(Work to be completed) Leave the images aside and repeat the whole listing exactly.

Top of Data provided

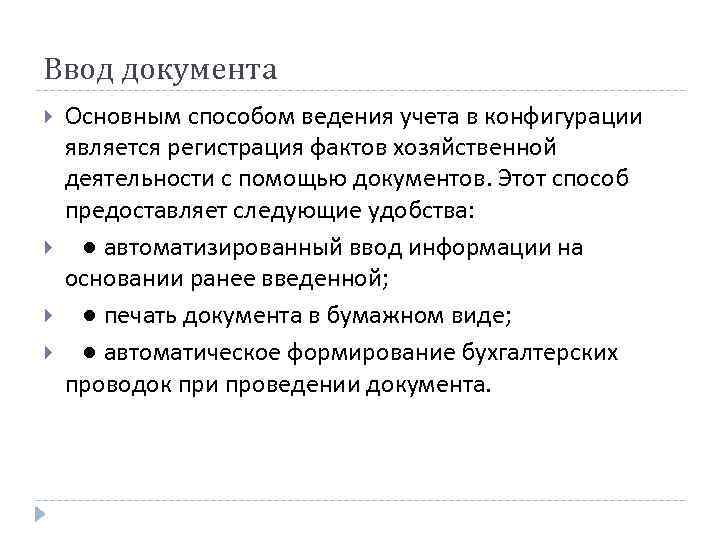 Ввод документа. Автоматизация ввода документов. Способы ведения хозяйственной деятельности. Метод ведения хоз деятельности. Документация и регистрация фактов хозяйственной деятельности.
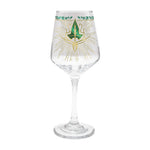 The Lord of The Rings Lorien Leaf Stemmed Glass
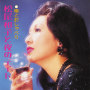 唄とおしゃべり～松尾和子と夜のデイト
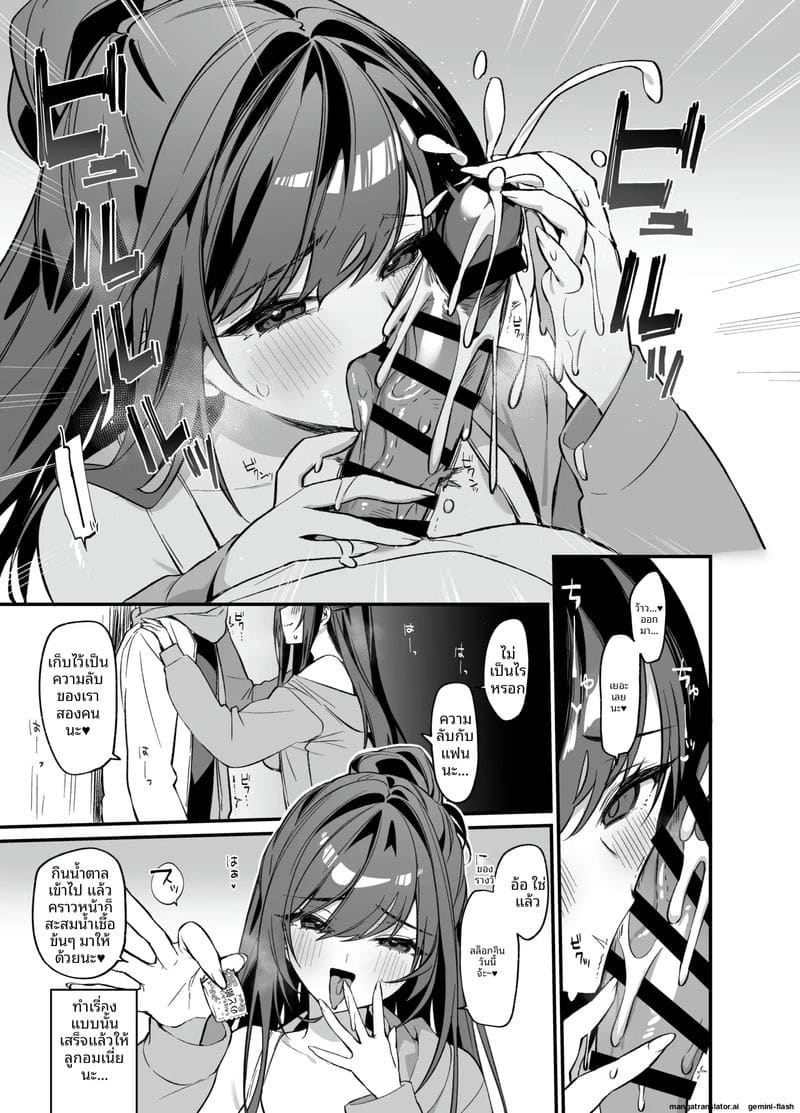 คนที่ฉันรัก... โดนเพื่อนสมัยเด็กแย่งไป 9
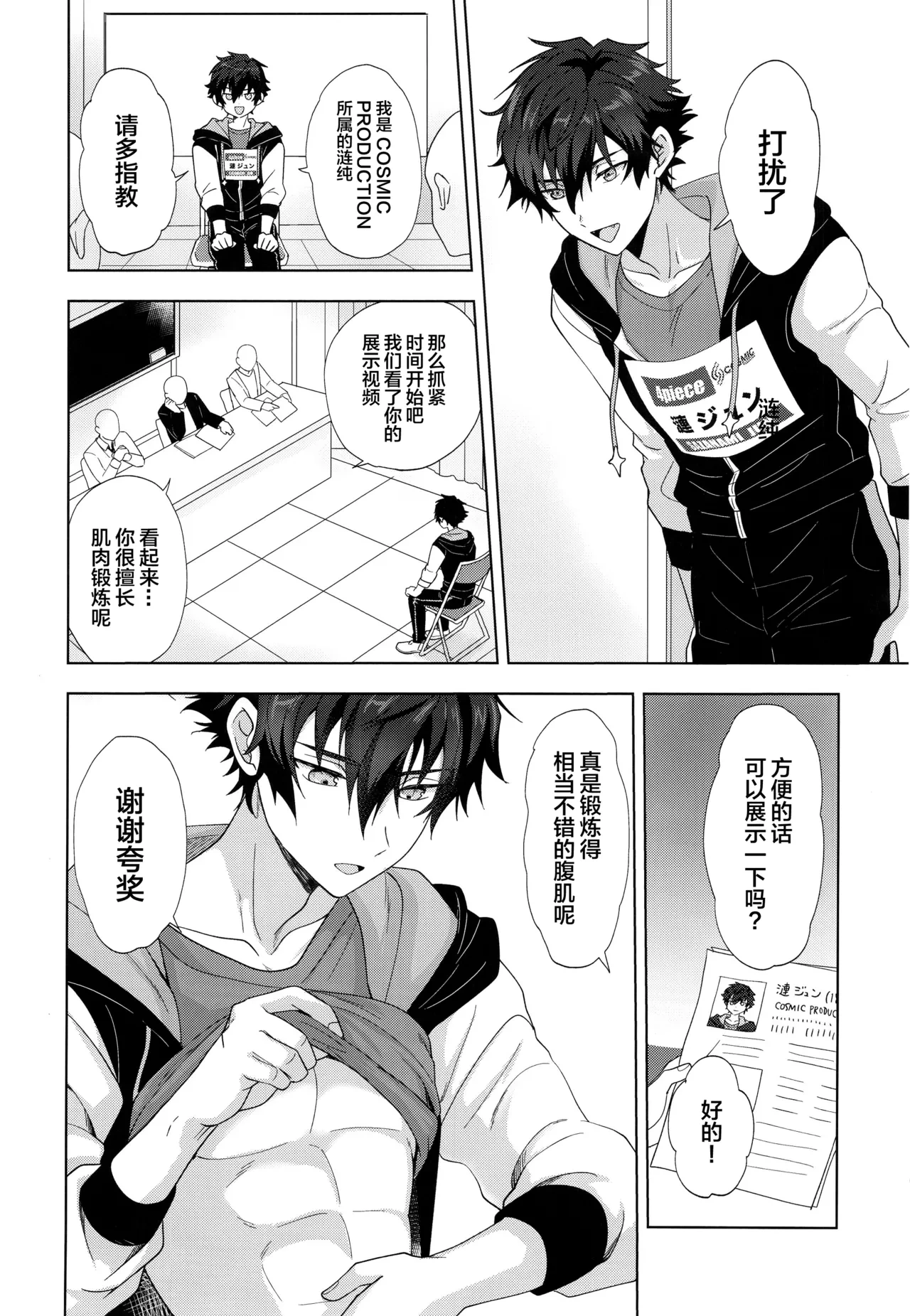 หน้า 4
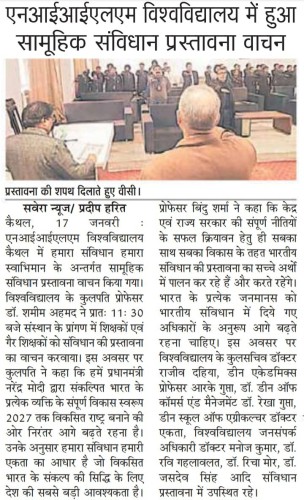 Collective Constitution Preamble Speech Held in NIILM University.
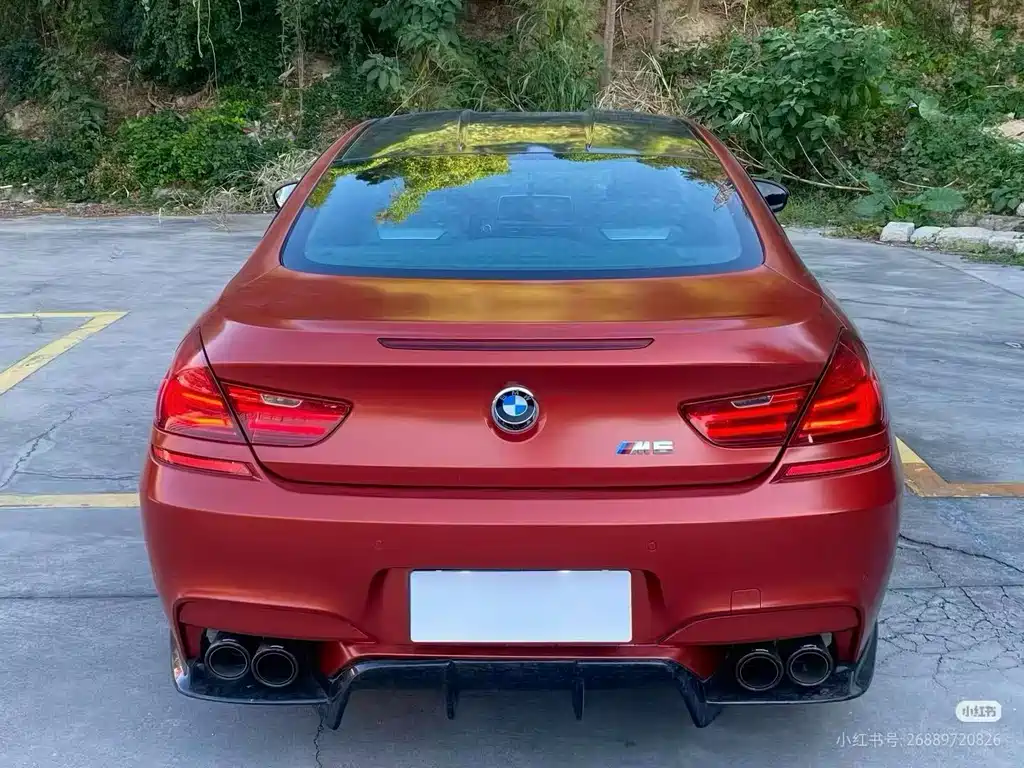 BMW M6 M6 Coupe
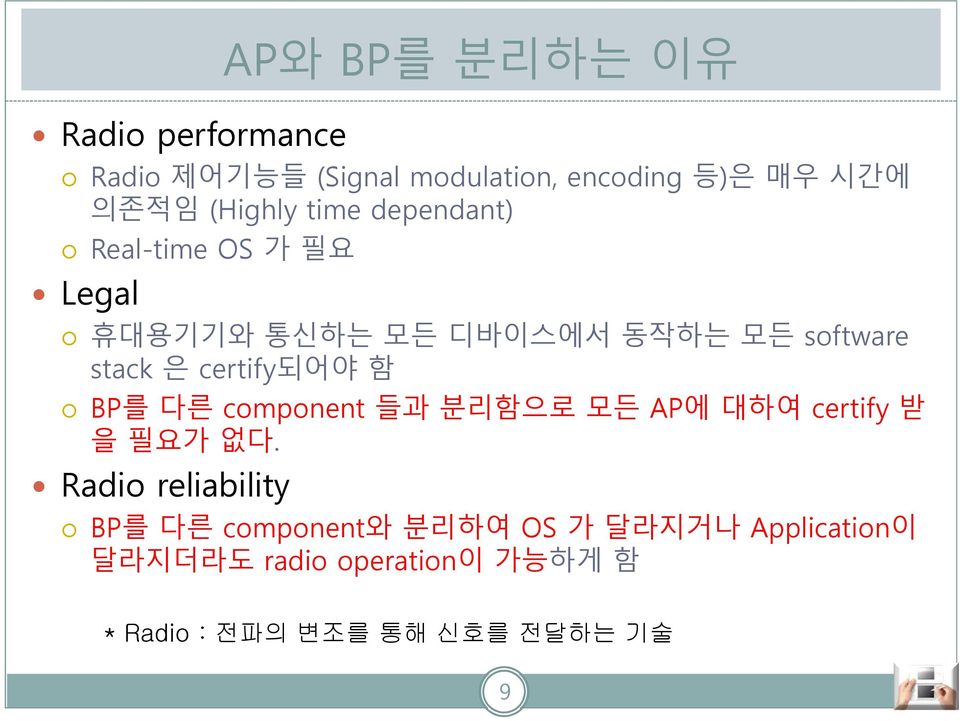 certify되어야 함 BP를 다른 component 들과 분리함으로 모든 AP에 대하여 certify 받 을 필요가 없다.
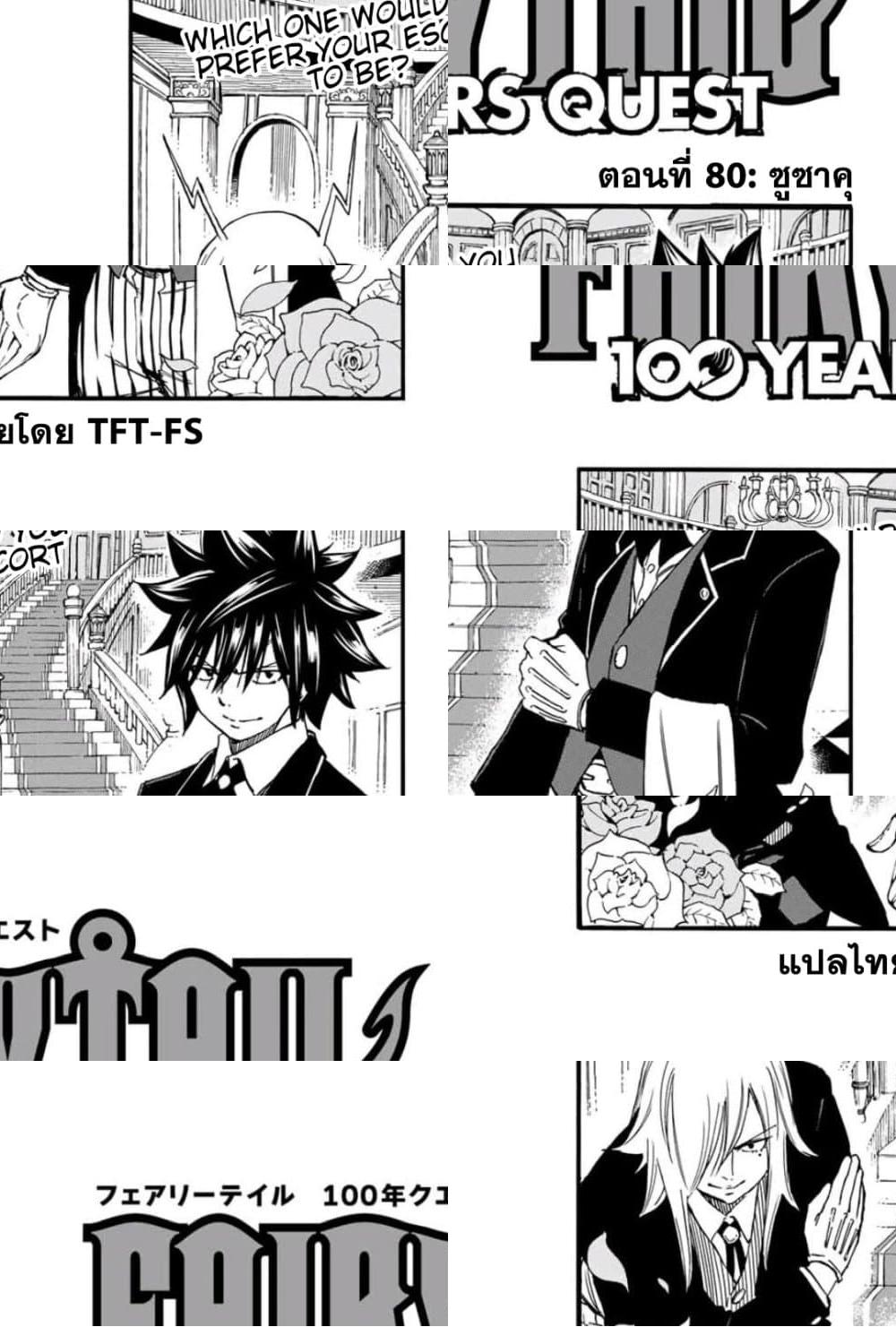 Fairy Tail: 100 Years Quest 80 TH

Bottom of Data provided

(Finished exercise)
 Ввод документа. Автоматизация ввода документов. Способы ведения хозяйственной деятельности. Метод ведения хоз деятельности. Документация и регистрация фактов хозяйственной деятельности.
 The Lord of The Rings Lorien Leaf Stemmed Glass
 唄とおしゃべり～松尾和子と夜のデイト
 คนที่ฉันรัก... โดนเพื่อนสมัยเด็กแย่งไป 9
 หน้า 4
 Collective Constitution Preamble Speech Held in NIILM University.
 BMW M6 M6 Coupe
 certify되어야 함 BP를 다른 component 들과 분리함으로 모든 AP에 대하여 certify 받 을 필요가 없다.
 Fairy Tail: 100 Years Quest 80 TH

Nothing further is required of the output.